The area under the PDF is the CDF (which is conveniently a method in lognorm):

lognorm.cdf(r, 0.5, loc=0)

.

One thing you can use this to calculate is the Folded Cumulative Distribution (mentioned here), also known as a "mountain plot":

FCD = 0.5 - abs(lognorm.cdf(r, 0.5, loc=0) - 0.5)
Andy Hayden
  • 359,921
  • 101
  • 625
  • 535
  • I know about the CDF, but it doesn't solve my problem. Say the PDF of r=1.5 is ~0.38, the CDF is ~0.79. The PDF of r=0.405 is also ~0.38, but the CDF is ~0.03. I want a distribution that gives both low and high outliers the same value. – lyschoening Sep 20 '12 at 10:04
  • @lyschoening could you take `abs(CDF-0.5)`? – Andy Hayden Sep 20 '12 at 10:25
  • I could take the `[CDF at the low side] + (1 - [CDF at the high side])`, so `0.03 + (1-0.79) = 0.24` in this example. – lyschoening Sep 20 '12 at 10:34
  • @lyschoening Neither of these things have the *meaning* of likelihood "a random variable was generated by my log-normal distribution". To be honest, I don't think there is an answer to that particular question (besides 0, which presumably you wouldn't consider an answer). – Andy Hayden Sep 20 '12 at 10:56
  • I feared something like that.
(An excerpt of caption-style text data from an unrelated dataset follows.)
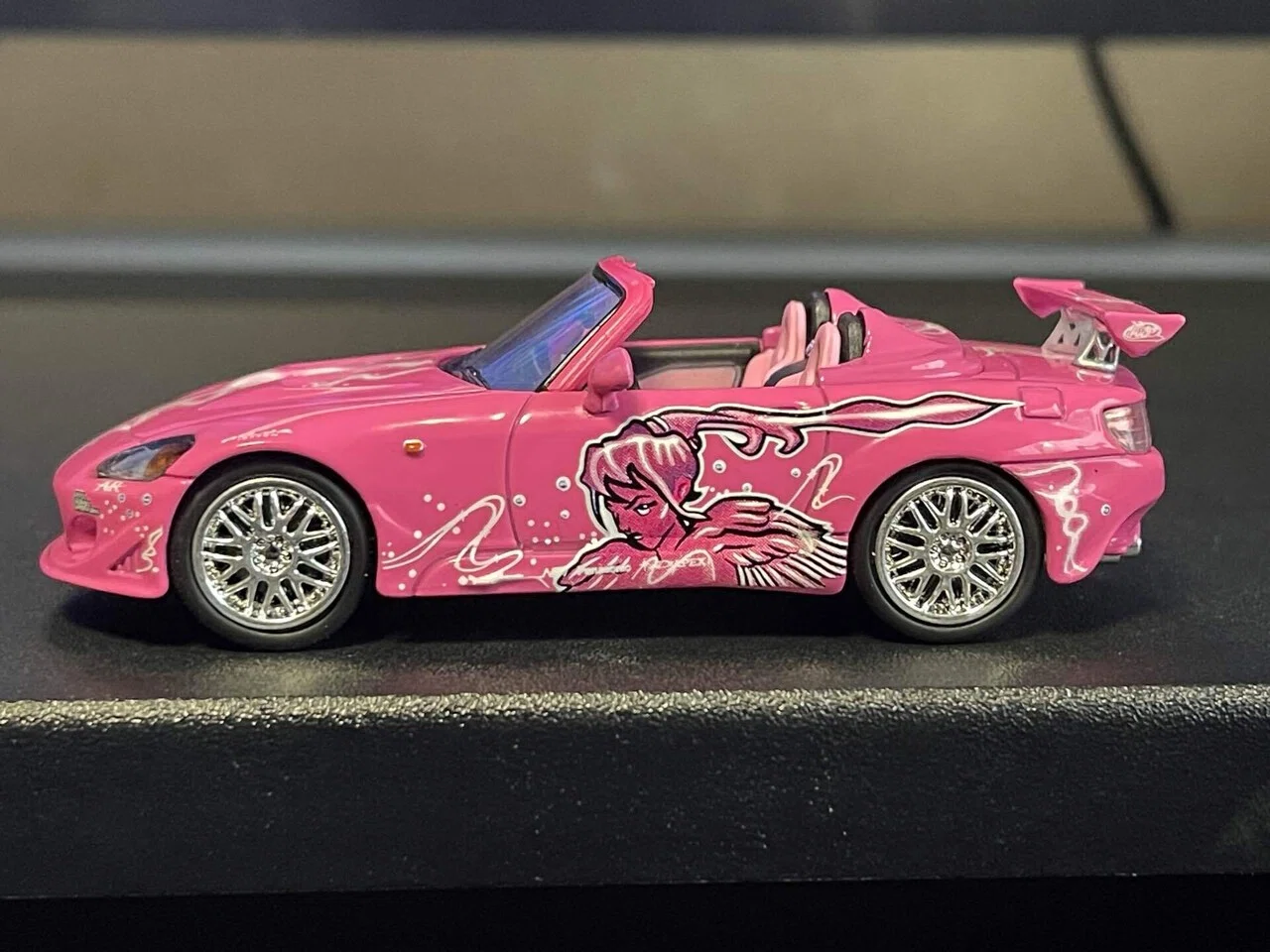 S2000 ディアゴ?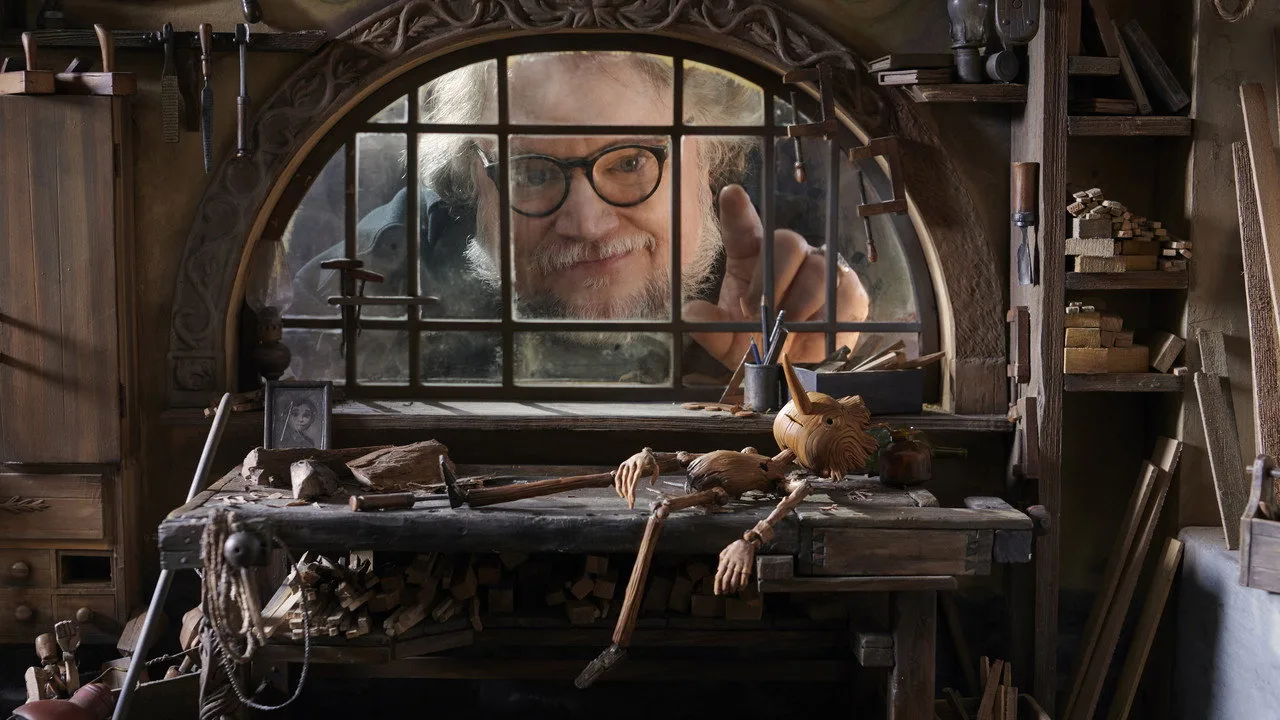 Imagem de Guillermo del Toro — Guillermo del Toro descarta filme de videogame após BioShock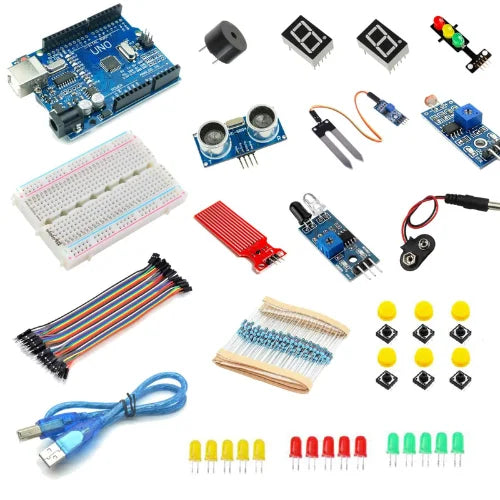 Arduino Beginner KIT Main image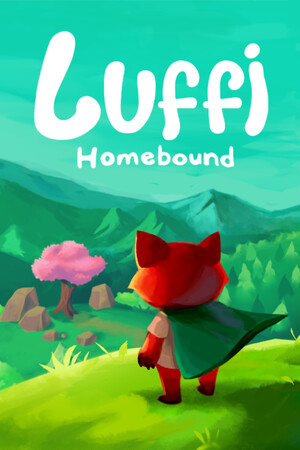 Luffi: Homebound cover art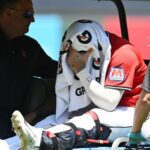 Guardians Arias, ankle, put on IL, but avoids 'major injury' - ESPN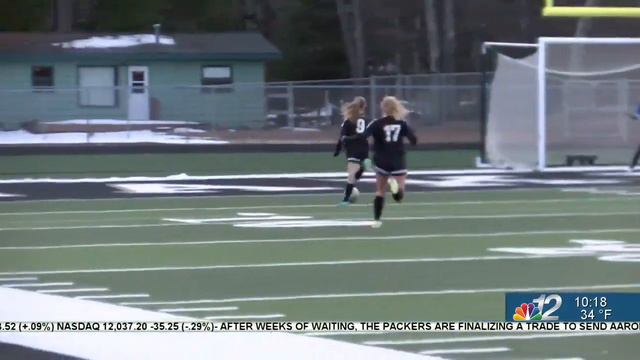 Washburn at Lakeland Union Girls Soccer Highlights 4-24-23 смотреть онлайн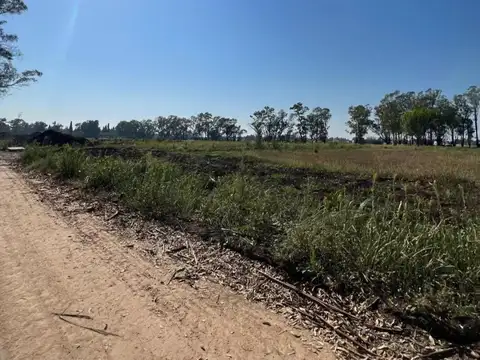 Terreno en Venta en Pilar Del Este, USD 50.000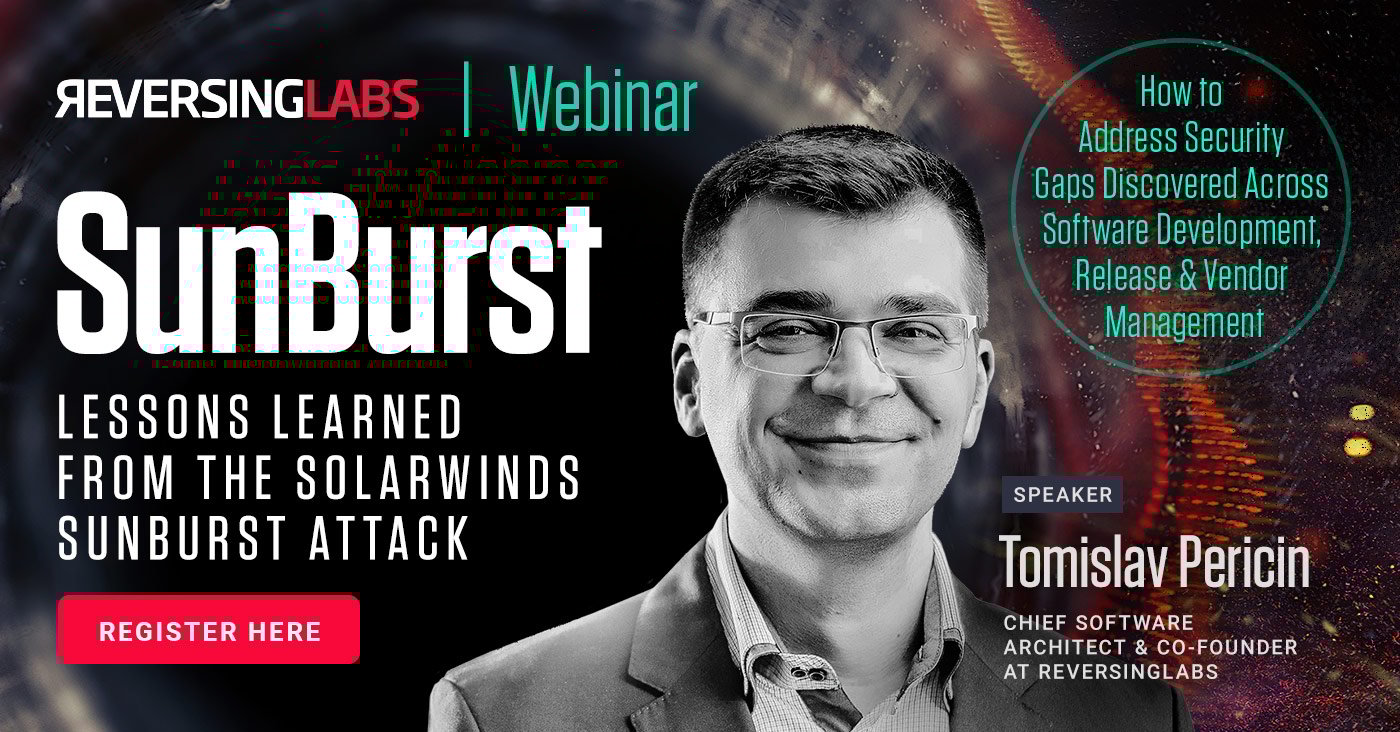 Solar Winds Webinar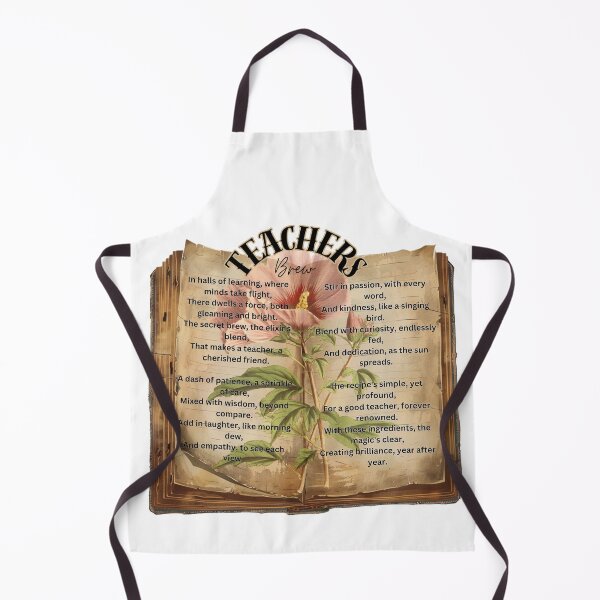 Item preview, Teachers Brew, Teacher Gifts, Teachering, Teacher Appreciation Day designed and sold by PomskysRus.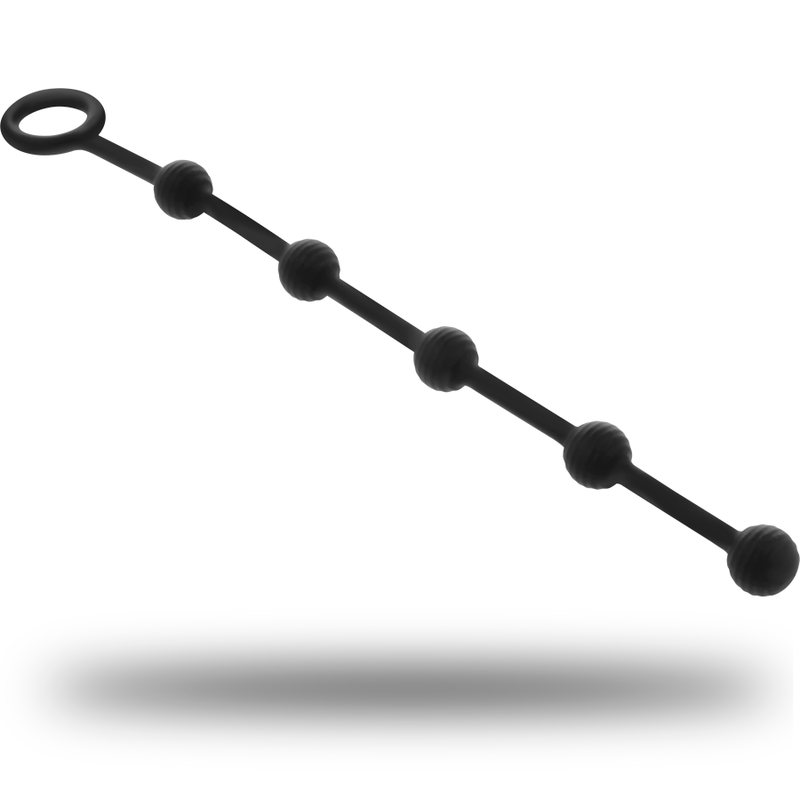 Anal Chain 23 cm - Ohmama Silocone Anal Chain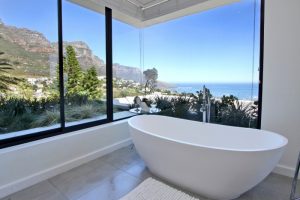 a beautiful five bedroom holiday home in the heart of Camps Bay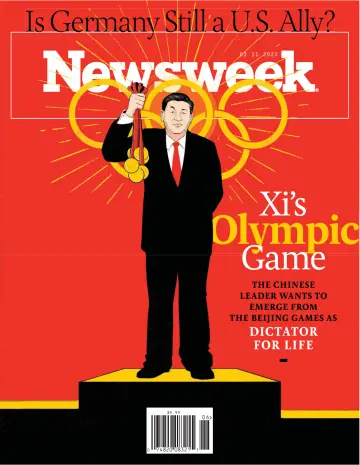 Newsweek - 11 Feb 2022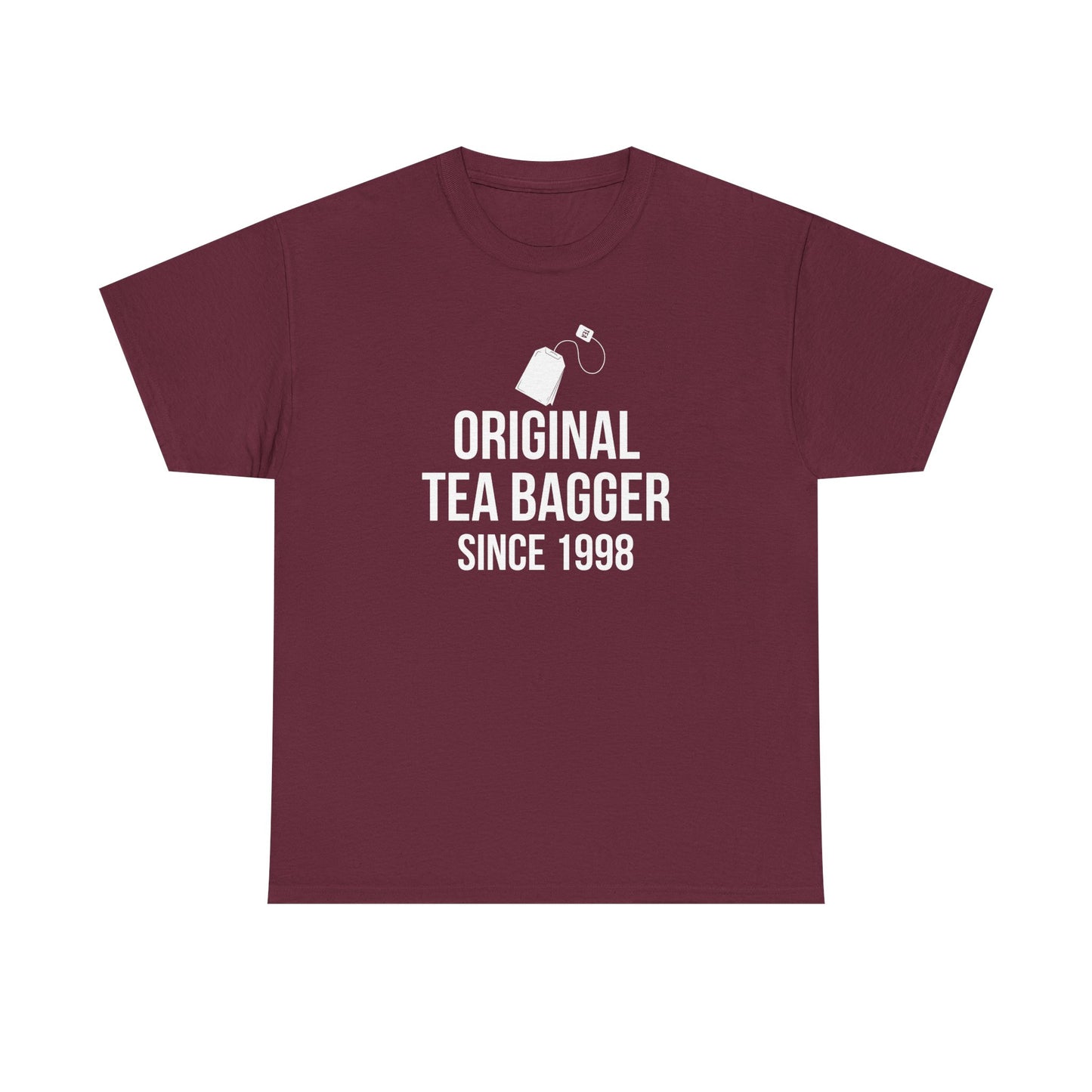 Original Tea Bagger Since 1998
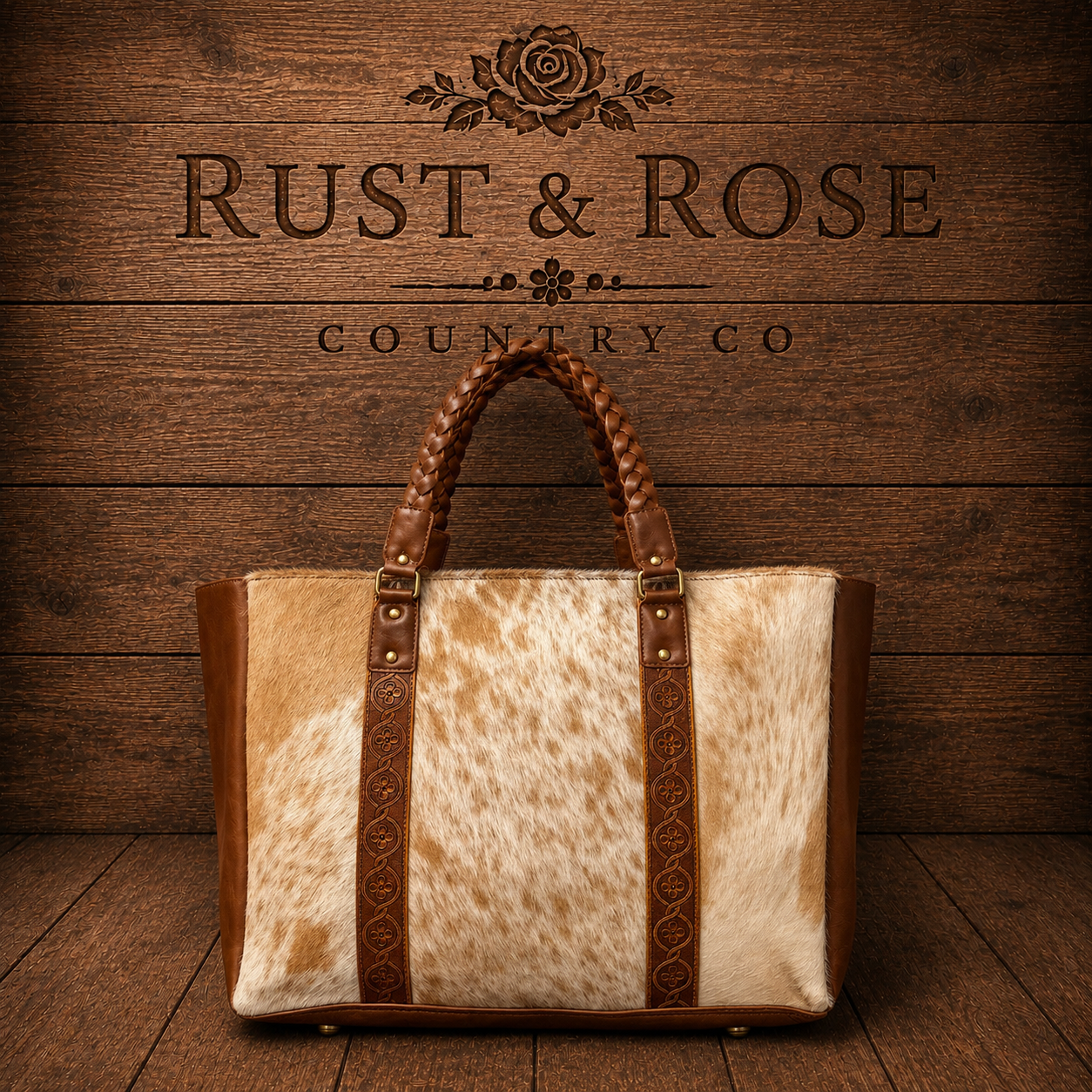 The Dynasty Tote Weekender
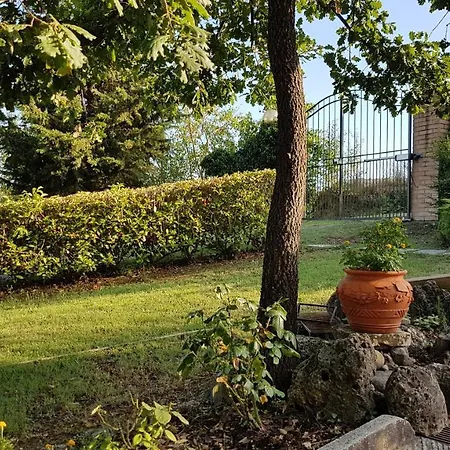 Casina Margherita Appartement Sienne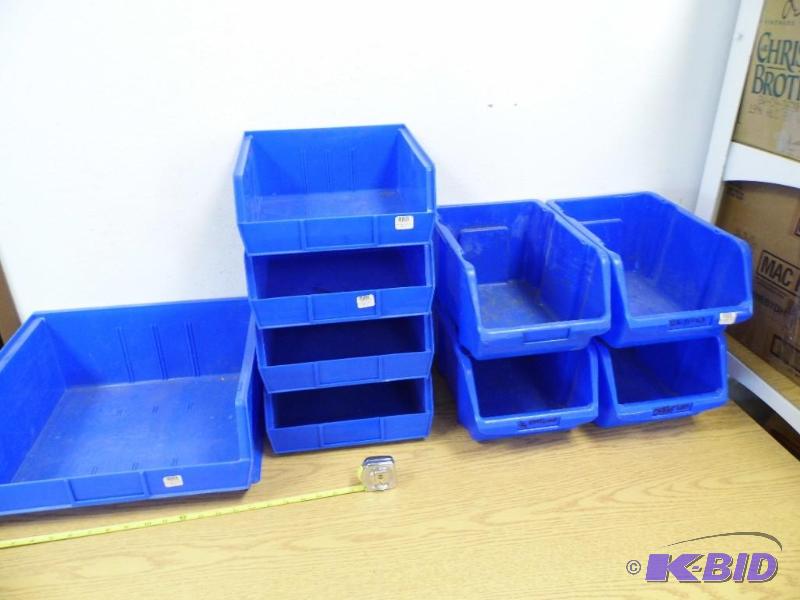 Large Parts Bins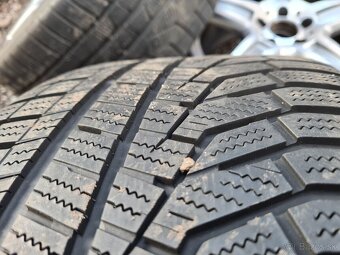 zimní Alu kola Mercedes AMG E-class E63 – 18" orig - 6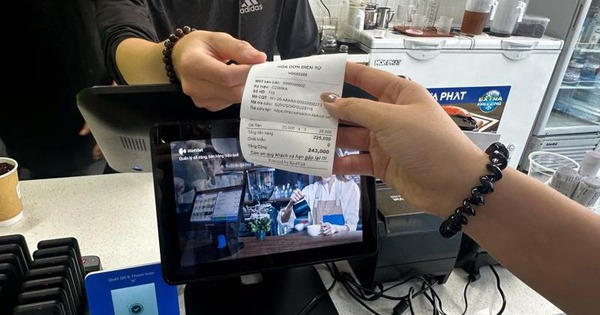 Có thể bạn chưa biết: Việt Nam cũng có chương trình xổ số hóa đơn may mắn, hàng trăm người đã lĩnh giải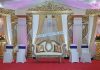 Prominent Wedding Fiber Crystal Stage Switzerland Prominent Wedding Fiber Crystal Stage Switzerland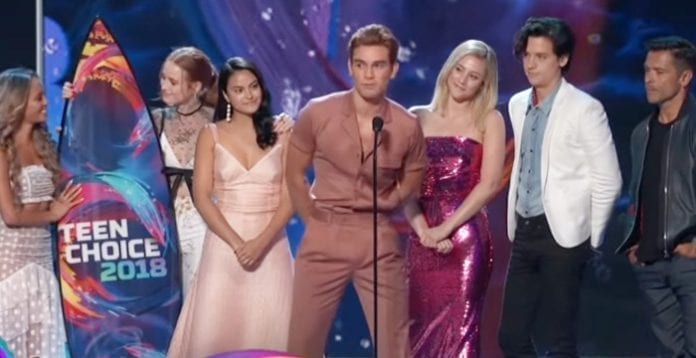 teen choice awards 2018 vincitori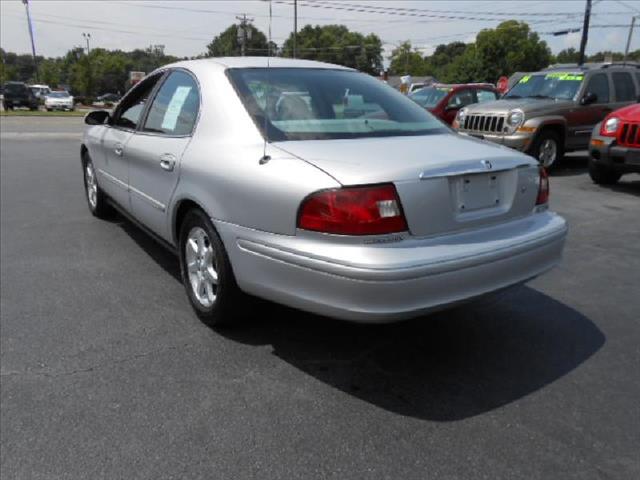 Mercury Sable 2002 photo 3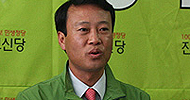 조승수 \”노동자, 서민 위해 반드시 국회 진출\”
I guess I have to rephrase the problem I'm trying to solve. – lyschoening Sep 20 '12 at 11:01
  • @lyschoening The answer will almost surely be 0! :) – Andy Hayden Sep 20 '12 at 11:04
  • I had another look at your `abs(CDF-0.5)` suggestion. I was too quick to discard it. This here does what I want: `1-abs(cdf(r)-0.5)*2` – lyschoening Sep 20 '12 at 11:38
  • @lyschoening I was going to suggest just that! Is this the Folded cumulative Distribution, I'll update my answer to mention this. – Andy Hayden Sep 20 '12 at 11:47
0

same result as hayden's

For statistical tests with an asymmetric distribution, we get the pvalue by taking the minimum of the two tail probabilities

>>> r = 1.5
>>> 0.5 - abs(lognorm.cdf(r, 0.5, loc=0) - 0.5) 
0.20870287338447135
>>> min((lognorm.cdf(r, 0.5), lognorm.sf(r, 0.5)))
0.20870287338447135

This is usually doubled to get the two-sided p-value, but there are some recent papers that suggest alternatives to the doubling.

Josef
  • 21,998
  • 3
  • 54
  • 67